Since then, Hunter and Amelia had seemed to be falling for each other. If he was hiding something this big from his new bride, however, that was a huge red flag.
“I need your answer now, Vi,” he’d prodded.
“That’s really all you’re going to tell me?”
“Yes.”
Since there were also things she wasn’t ready to tell him, she had felt obliged to trust him even though he was leaving her in the dark. “All right. Yes. Go ahead.”
“Thank you.” He’d sounded relieved. “I wouldn’t do it if it wasn’t important.”
“I know.”
She would not have leaned on Hunter’s executive assistant to get here without any trace appearing in her own accounts if it hadn’t been important, either. She would eventually reimburse all the expenses for her two chartered flights, her company credit card and her temporary phone on the Wave-Com account, but dropping off-grid was exactly what she needed right now.
When she had landed in Nanaimo, on British Columbia’s Vancouver Island, a company-leased SUV had awaited her with a full tank of gas and all the groceries she would need. She hadn’t told Hunter’s PA where she was going, but had asked him to forward her new number to Hunter so he would have it when he needed it.
When the proverbial poop hit the propeller, was what she had meant.
That would happen shortly after Neal was served his divorce papers.

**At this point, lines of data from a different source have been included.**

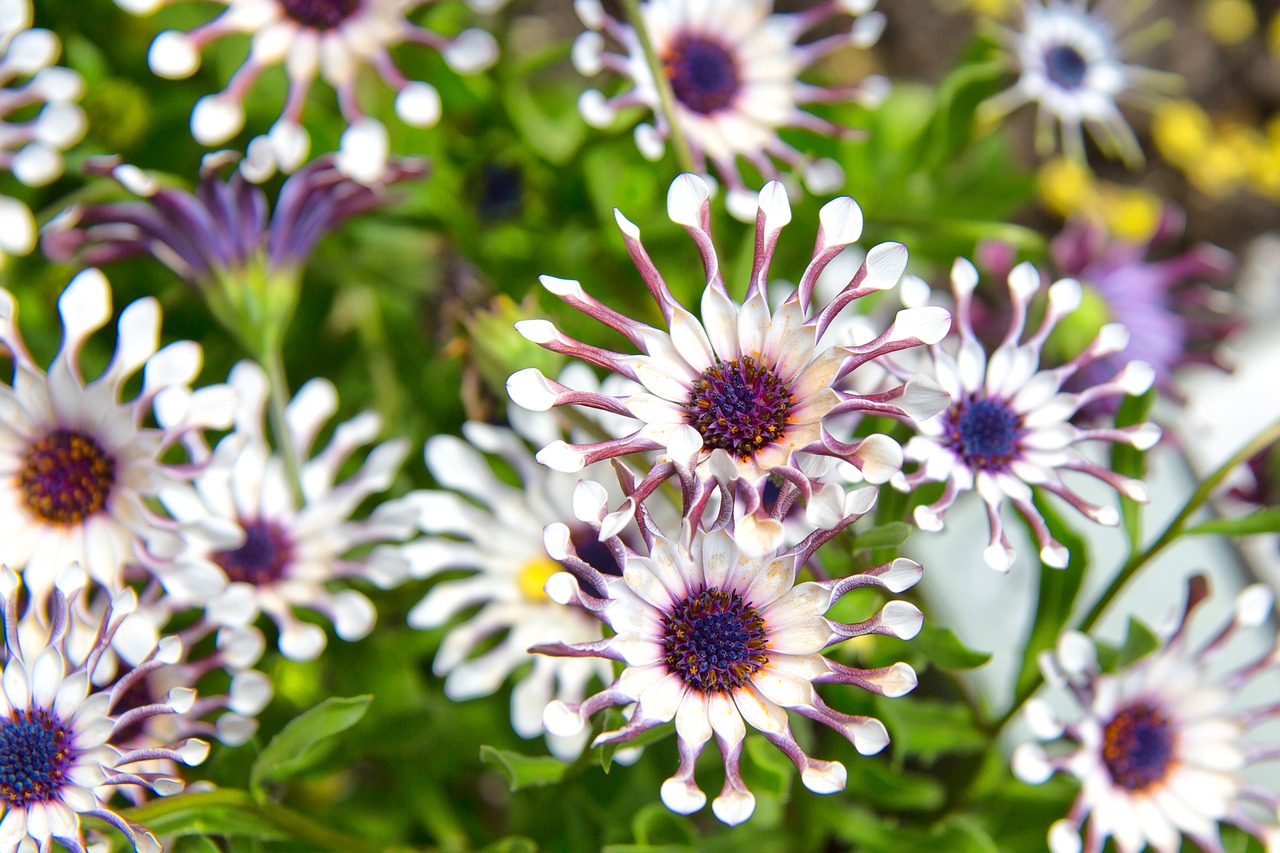 flower  purple  white free photo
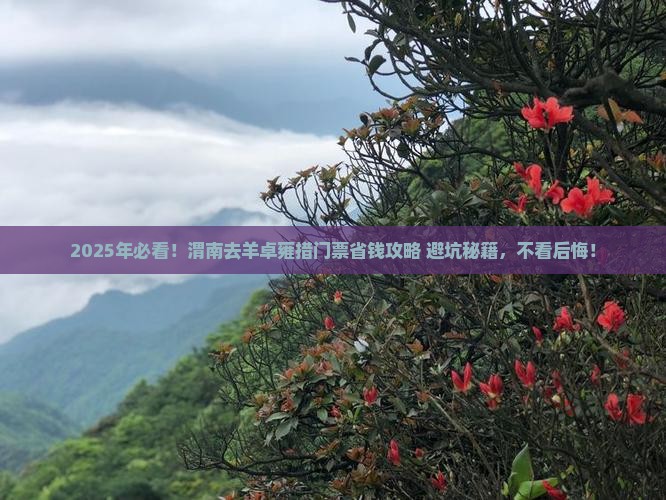 渭南去西藏羊卓雍措门票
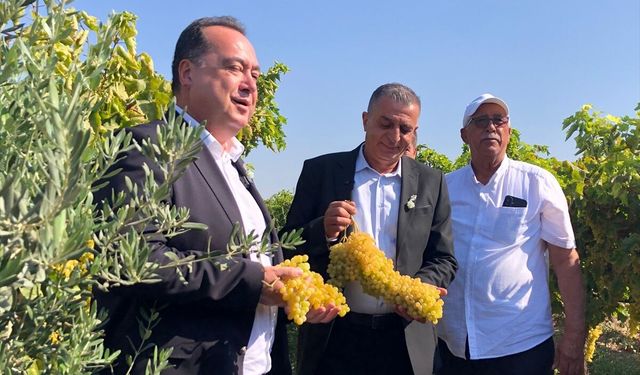 Manisa'da bağ bozumu şenliği düzenlendi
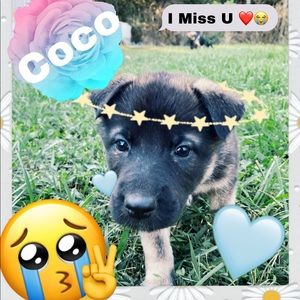 Meet your Posher, Jamie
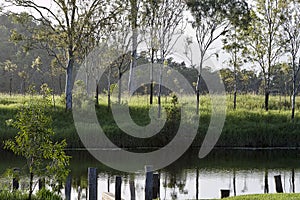 Soft Morning Light On The Banks Of A Creek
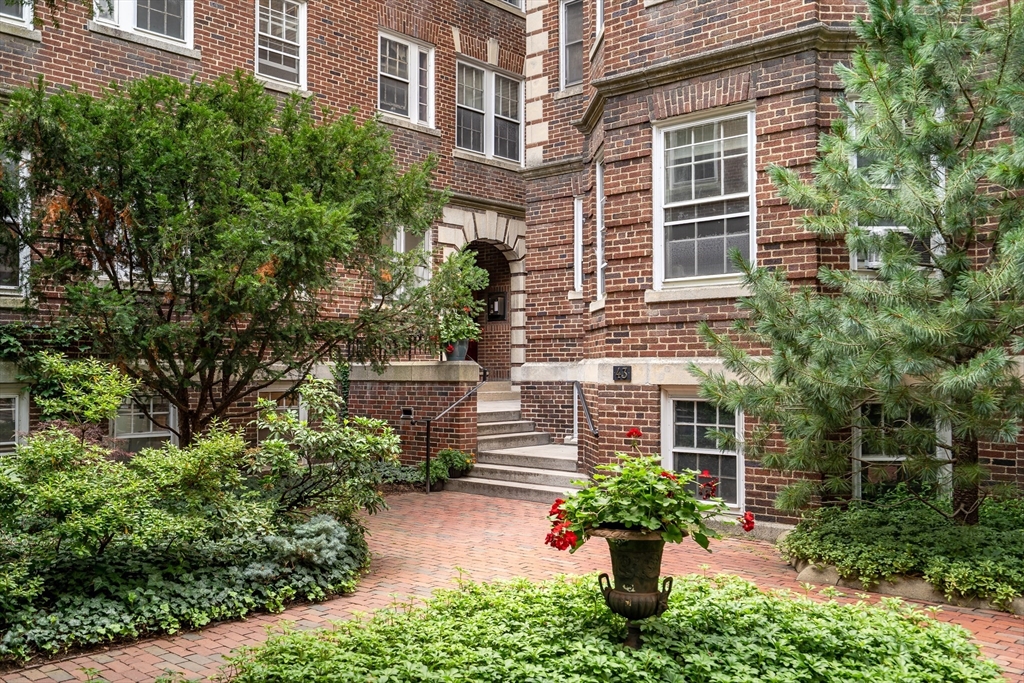 43 Linnaean #24 in Cambridge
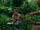 1x13 locke boone.JPG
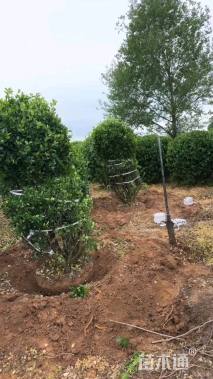 冠幅250厘米卫矛球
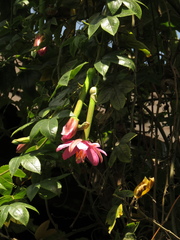 Passiflora tripartita mollissima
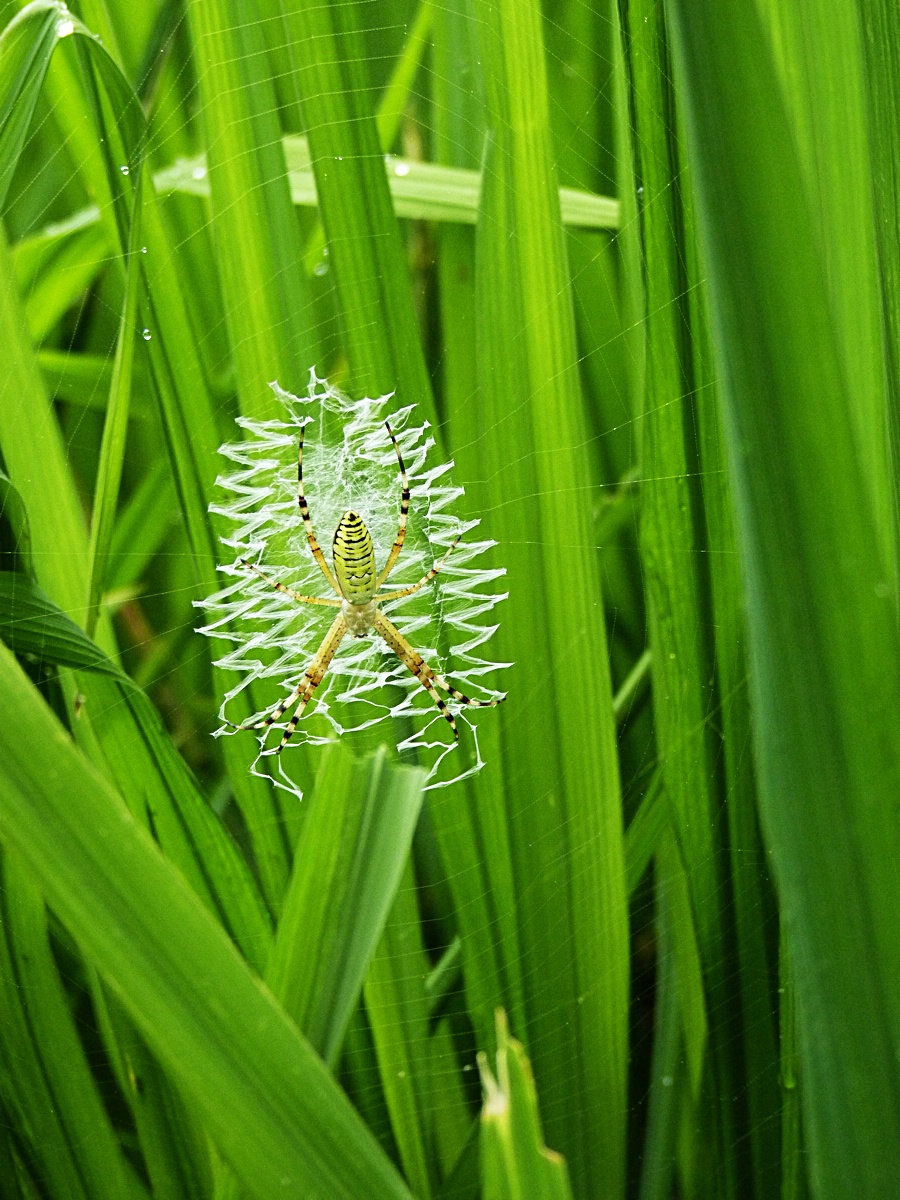 主题 这种蜘蛛很坏喽!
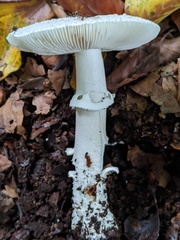 Amanita excelsa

Vienna’s PR team was cued up with instructions to go on the offensive at that point, with statements that the divorce was a fait accompli.
Never in her life had she been such a sneaky, cutthroat person, but her requests for a quiet, uncontested divorce had been met with faux hurt, promises they could continue trying for a baby, and subtle threats about going to the press with a tell-all about the Waverlys.
That had been last year, when Hunter had been steeped in that ugly court case with Irina, their stepmother. Vienna hadn’t wanted to add to his stress with her own drama, so she had simply asked Neal for space. She began spending all her time at their apartment in Toronto while he remained in Calgary, where he was Wave-Com’s VP of Sales. She had quietly changed her driver’s license, redirected her mail and opened a separate bank account. As long as she maintained the illusion that they were happily married, making herself available for Neal’s work engagements and inviting him to a handful of her family appearances, Neal hadn’t cared.
Shetoldpeople they were separated, though. Not a lot of people, but solid character witnesses for when the time came.
Nevertheless, she knew Neal would play the victim and say this had come out of the blue. He would claim he wanted to reconcile. There was too much money at stake for him to go quietly. Too much cachet in being Hunter Waverly’s brother-in-law.
This story would be yet another gold mine for the clickbait sites, but scandal was unavoidable. That was what Vienna had come to accept. The best she could do was exactly what she’d done. She had waited until Hunter had left with Amelia on a belated honeymoon so the blast radius wouldn’t scorch them too badly.
Now she was taking cover herself to ride out the fallout. The address on the conveyancing documents had brought her to Tofino, one of the soggiest places in Canada, located where the western edge of the country dropped into the brine of the Pacific Ocean.
Neal didn’t know this house existed. Only her lawyer knew where she had gone.